Trump alla Casa Bianca
Formalmente, il 45° presidente degli Sati Uniti s’insedierà alla Casa Bianca il 20 gennaio, l’Inauguration Day. Ma, fin dai primi momenti dopo l’Election Day, l’8 novembre, le parole e le mosse di DonaldTrump sono state vagliate e scrutate per cercare di capire se, e in che misura, il presidente sarà diverso dal candidato, che aveva impressionato per il suo linguaggio più brutale che franco e per le posizioni sessiste e razziste, anti-immigrati e anti-musulmani, pro-armi e pro-vita (cioè, favorevoli alla cancellazione del diritto all’aborto, restituendo agli Stati dell’Unione il compito di legiferare in merito, com’era fino al 1973).
Il viaggio di commiato in Europa – ad Atene e a Berlino – del presidente Barack Obama, a metà novembre, ha lasciato una scia di rammarico e di preoccupazione: rammarico per l’uscita di scena di un leader carismatico e affidabile; preoccupazione per l’arrivo di un successore inesperto e inaffidabile, che, durante tutta la campagna elettorale, ha avuto poca attenzione e zero considerazione per i partner e gli alleati europei.

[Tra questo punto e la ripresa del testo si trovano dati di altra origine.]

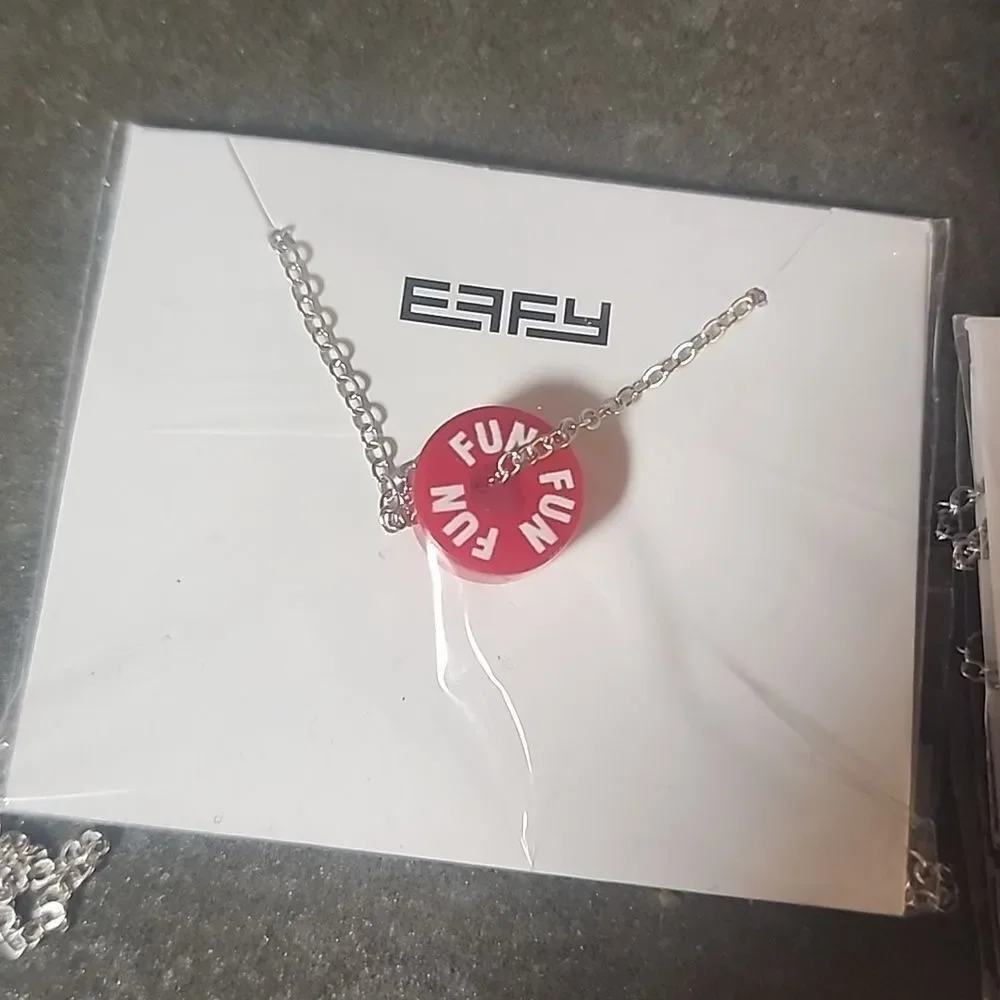 Effy Necklace With Red FUN Barrel Carnival Cruise Souvenir x2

Una certa tendenza giornalistica ad allinearsi al potere, più forte da noi che in America, ha alimentato, dopo l’Election Day, l’ipotesi – e forse l’illusione – che Trump, da presidente, cambierà registro. In realtà, quasi tutte le sue dichiarazioni e le sue prime scelte nella composizione della squadra di gestione e di governo sono state coerenti con l’immagine e i programmi della campagna elettorale: conferma dell’intenzione d’alzare e allungare la barriera tra Stati Uniti e Messico e di espellere milioni di immigrati irregolari; conferma dell’intenzione di abrogare, almeno in parte, la riforma sanitaria del suo predecessore, che non lascia i poveri senza assistenza; conferma dell’intenzione di rimettere in discussione gli accordi commerciali esistenti o in fase di negoziato, la Nafta con Messico e Canada, il Tpp versante Pacifico, il Ttip versante Atlantico.

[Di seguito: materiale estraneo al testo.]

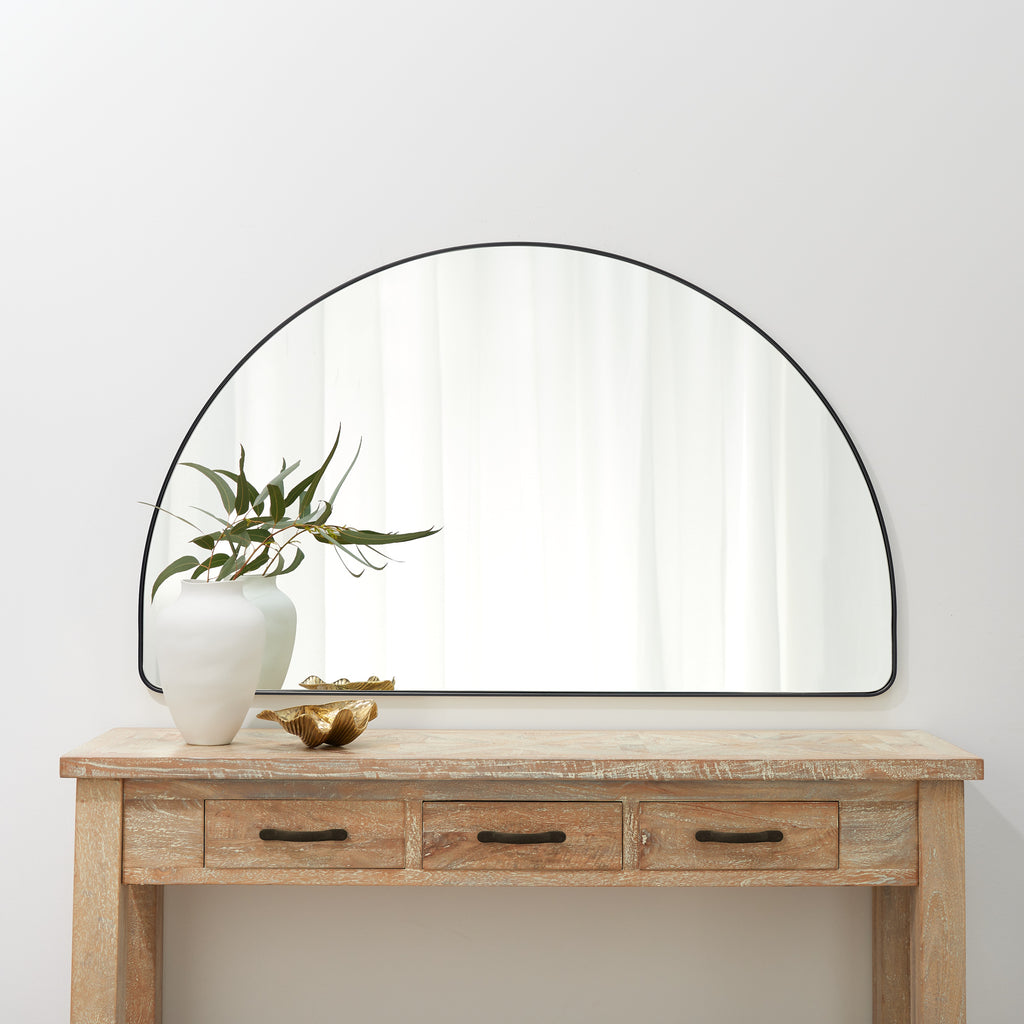 Studio XL Wide Wall Arch Mirror, Black by Granite Lane high quality copper free bathroom mirror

E, mentre la scelta degli uomini dell’Amministrazione fa scorrere davanti agli occhi il film d’un’America nostalgica del segregazionismo e tutta ‘Law & Order’, ben diversa da quella di Obama, variegata e progressista, in politica estera si profila una svolta nei rapporti con la Russia che può modificare il contesto in Europa e nel Medio Oriente.